“Censoring Julie Bindel”: a response

Beatrix Campbell has written a delightful article about Julie Bindel’s involvement in feminism’s “trans wars”. I couldn’t help but noticed that it’s riddled with inaccuracies…

“Airing the complications and troubles of transgender politics is being traduced as “transphobia”.”

No. Arguing that transsexed people shouldn’t exist, consistently belittling and propagating prejudice is being characterised as transphobia. It’s possible to air the complications and troubles of ‘transgender poltitics’ without being a bigot.

“Transgender people who used to live as men and now live as women persuaded the May 2009 NUS women’s conference to mandate its officers to share no platform with Julie Bindel.”

The motion wasn’t proposed by trans women.

Moreover, characterising trans attendees of women’s conference as ‘transgender people who used to live as men’ merely demonstrates your own ignorance.

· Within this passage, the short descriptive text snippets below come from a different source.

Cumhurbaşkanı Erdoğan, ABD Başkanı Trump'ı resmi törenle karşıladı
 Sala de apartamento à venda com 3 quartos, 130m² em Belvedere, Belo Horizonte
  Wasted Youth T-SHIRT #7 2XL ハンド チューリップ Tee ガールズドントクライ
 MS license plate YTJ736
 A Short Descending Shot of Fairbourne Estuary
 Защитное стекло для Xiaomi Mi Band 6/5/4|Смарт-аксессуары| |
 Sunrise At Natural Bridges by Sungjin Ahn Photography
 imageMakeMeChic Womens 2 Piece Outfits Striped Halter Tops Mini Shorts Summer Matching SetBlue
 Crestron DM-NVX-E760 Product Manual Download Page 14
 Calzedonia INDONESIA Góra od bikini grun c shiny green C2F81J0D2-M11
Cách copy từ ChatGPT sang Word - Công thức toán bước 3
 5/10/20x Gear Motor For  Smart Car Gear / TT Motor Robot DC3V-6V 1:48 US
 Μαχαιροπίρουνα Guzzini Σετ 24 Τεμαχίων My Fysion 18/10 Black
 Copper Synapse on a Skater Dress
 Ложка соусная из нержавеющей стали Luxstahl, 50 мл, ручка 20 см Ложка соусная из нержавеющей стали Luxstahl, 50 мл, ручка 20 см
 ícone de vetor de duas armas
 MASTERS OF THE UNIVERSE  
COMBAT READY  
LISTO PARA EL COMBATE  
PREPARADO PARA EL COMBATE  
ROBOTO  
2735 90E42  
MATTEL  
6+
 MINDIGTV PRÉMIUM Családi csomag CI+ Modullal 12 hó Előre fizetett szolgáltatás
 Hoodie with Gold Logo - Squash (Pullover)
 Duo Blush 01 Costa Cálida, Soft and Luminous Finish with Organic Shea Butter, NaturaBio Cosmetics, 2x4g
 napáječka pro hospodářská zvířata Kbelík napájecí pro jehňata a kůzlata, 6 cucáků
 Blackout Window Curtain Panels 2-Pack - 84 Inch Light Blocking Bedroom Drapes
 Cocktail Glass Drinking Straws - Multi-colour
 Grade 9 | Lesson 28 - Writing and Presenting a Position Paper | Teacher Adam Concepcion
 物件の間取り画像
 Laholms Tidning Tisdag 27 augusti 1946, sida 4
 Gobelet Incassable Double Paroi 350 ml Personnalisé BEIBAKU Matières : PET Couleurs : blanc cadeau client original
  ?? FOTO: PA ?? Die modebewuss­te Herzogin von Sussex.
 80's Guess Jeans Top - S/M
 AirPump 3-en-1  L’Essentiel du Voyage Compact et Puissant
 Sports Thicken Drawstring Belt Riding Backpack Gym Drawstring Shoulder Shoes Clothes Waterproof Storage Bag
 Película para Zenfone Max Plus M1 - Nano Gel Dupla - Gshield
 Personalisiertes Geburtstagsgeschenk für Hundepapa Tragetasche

“The NUS women’s campaign shows no solidarity with women who are offended by the presence in their safe spaces of people who used to be men.”

That’s true! Well, minus the ‘used to be men’ bit…but that’s a whole other kettle of fish which I’m sure others will address at length. We also show no solidarity with straight women who are offended by the presence of lesbian women, or white women who are offended by black women. In fact I might go so far as to argue that it is these ‘offended’ people who undermine the ideal of a safe space…

“This month, her enemies mustered a picket outside Queer Question Time in a London pub. They’re not censoring her, they say, you can read her, they say, just don’t go to hear her.”

“The transgender vigilantes should listen up, wise up and grow up, participate in, not proscribe, the debate they started.”

First off: it’s worth noting that the NUS has nothing to do with the picket outside Queer Question Time, which was organised by independent activists.

Also, you’re inaccurately depicting the arguments of those who would prefer not to see Bindel given a high-profile speaking slot at a supposedly queer-friendly venue. Unlike journalists with newspaper and magazine columns, we usually don’t have access to an audience to listen to our side of the story outside of blogs and community publications. We don’t have the opportunity to ‘participate’ on the level that Bindel does.

This doesn’t mean that we want transphobes to be entirely censored: rather, we wish it to be recognised that there are events at which it is inappropriate to invite a bigot to speak. Moreover, in what way is it fair for people to ‘debate’ our very existence? This, incidentally, is why we’re so ‘offended’ – and why we don’t give much credence to the ‘offence’ experienced by those who would discriminate against us.

One thought on ““Censoring Julie Bindel”: a response

  1. You rebuttal was much better than mine, which consisted essentially of:
    “Stop picking on Julie it’s not fair she did nothing wrong waahh”.